The Right Way to Use ‘Honour Among Thieves’ Characters in Your Next D&D Campaign

The Right Way to Use ‘Honour Among Thieves’ Characters in Your Next D&D Campaign

If you’re among the many fantasy fans blown away by Dungeons & Dragons: Honour Among Thieves, there’s now an easy way to bring the film’s characters and magical items into your own pen and paper D&D campaign. Wizards of the Coast has released movie-accurate character stat blocks. magic items, and a set of digital dice for use in D&D Beyond. But should you?

How to download Dungeons & Dragons: Honour Among Thieves content

If you have a D&D Beyond account, you can get the movie content by clicking on this link and then clicking “sign in to claim.” From there, visit your compendium and you should find everything ready to go. (If you don’t have a D&D Beyond account already, you can get one for free.)

Included in the download are stat blocks for Edgin, Doric, Holga Kilgore, Simon Aimar, Xenk Yendar, Forge Fitzwilliam, and Sofina herself. Each has unique special abilities and characteristics you’ll recognise from the movie. The magical items include the Helm of Disjunction, the Hither-Thither Staff, and three other from-the-flick mystical artifacts. The dice skin is pretty cool too, if you’re into digital die rolls.

How to use Honour Among Thieves content without breaking your game

It’s one thing to have all the information you need to put these characters and items in your game, but actually using them effectively is way more complicated than just downloading some stats. These characters work so well in the movie because many creative professionals spent millions of dollars and countless hours fine-tuning every aspect of a cinematic experience. Every part of the movie is designed to fit together, so if you take a piece out and plop it into your ongoing campaign, it’s probably not going to work out very well.

As written, these are powerful, high-level characters, so if you were inspired by the movie to get your pals together for your first D&D adventure, I’d keep all of the movie-characters as quest-givers or cameos, instead of “join the party” NPCs. Unless you nerf her heavily, having Doric join the group for a low-level dungeon crawl would break most games, and pitting a lower-level party against Sofina would wipe everyone off the table.

More importantly, why would you want your D&D game to follow a story crafted by Hollywood screenwriters anyway? Make your quest about the characters you and your friends have dreamed up instead. Encouraging reckless, ridiculous creativity is the best thing about any role-playing game. Minus that, it’s just dice rolls and fancy maths.

How to change Honour Among Thieves NPCs into playable characters

If someone at your table is a hardcore fan of the movie and wants to be Forge Fitzwilliam instead of just meeting him, it wouldn’t be difficult to translate all of these NPCs into playable characters — most of the info is already there, and filling in the rest will be a snap.

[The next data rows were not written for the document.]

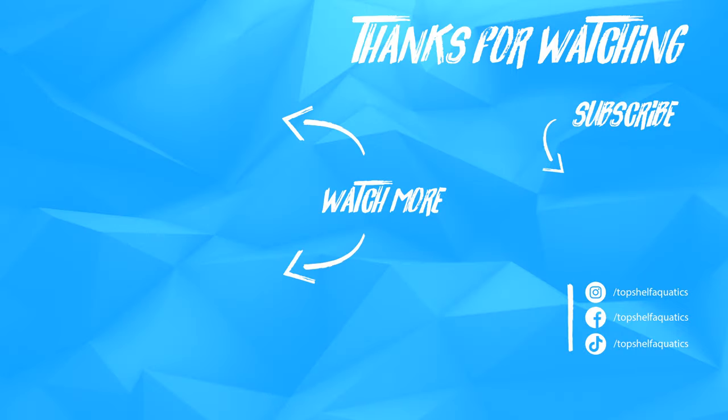If you enjoyed content like this, be sure to check out the rest of our Coral Care videos. And as always, be sure to like, comment, and subscribe. Follow us on Facebook and Instagram.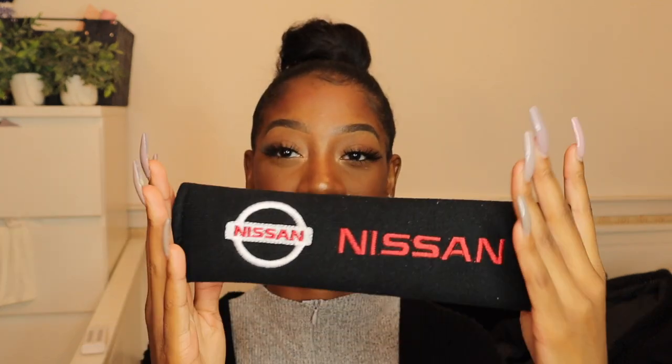I just recently got a car — if you haven't checked out my car accessories video, go check that out — but I ended up getting a lot more car stuff I didn't need but bought anyway. First up is this seat belt cover. It's basically supposed to protect you from the seat belt cutting off your circulation, and it's in the Nissan logo.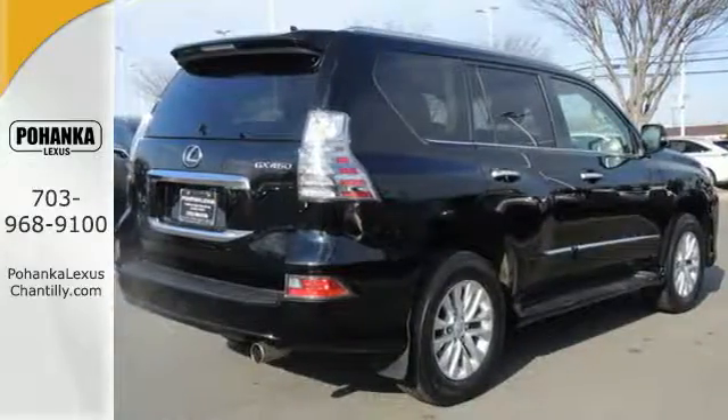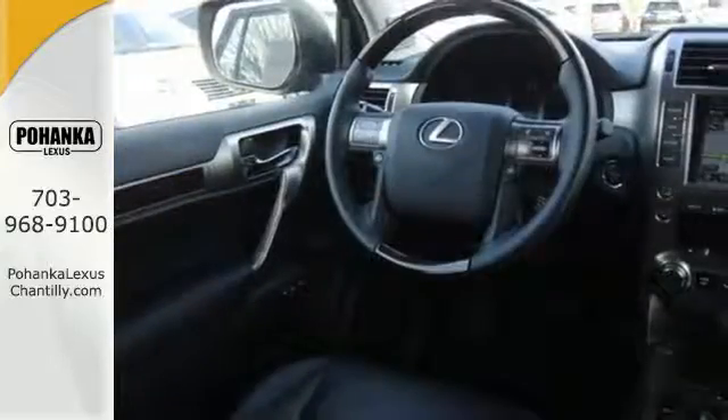Never compromise with premium sound, climate control, a power sunroof, and the Lexus Memory System.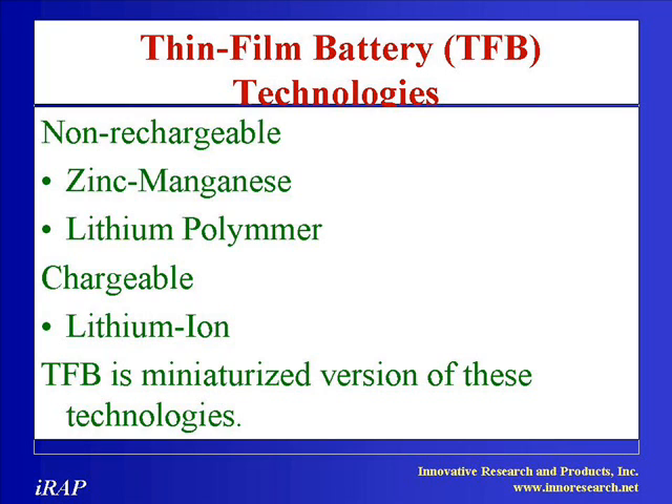Non-rechargeable thin film batteries are normally printed and can be either zinc manganese chemistry, such as a paper battery, or lithium polymer chemistry. Rechargeable thin film batteries are lithium-ion batteries and have solid lithium cores rather than liquid cores, and hence are less vulnerable to overheating and catching fire.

But keep balance in mind, both in the encounters and within the group, and nerf when necessary. You generally want everyone at the table to be roughly equal in power. At its best, a D&D game is experiment in ensemble storytelling in which everyone gets to shine. You don’t want your session to become “The Amazing Adventures of That One Guy From the Movie (and his friends).”

Better yet, instead of playing as a character from this movie (or any movie), consider an homage: If you like Edgin Darvis, by all means, roll up a bard, but make them your bard. Maybe they’re a little like Darvis, but they’ll ultimately be shaped by you, the situations in your game world, and your horribly low dice throws.

The same basic guidelines apply to the magic items: These downloadable artifacts are all extremely powerful, potentially game-breaking gear — perfect for specific uses in a movie, but probably not made for whatever world you are creating. I wouldn’t throw the Helm of Disjunction or the Horn of Beckoning Death into a low level campaign unless “weaklings-wielding-bazookas” is the vibe you’re going for. Maybe keep them as “end of the module” rewards, or as the Thing the Big Bad Evil Guy wields that allows him to rule the village.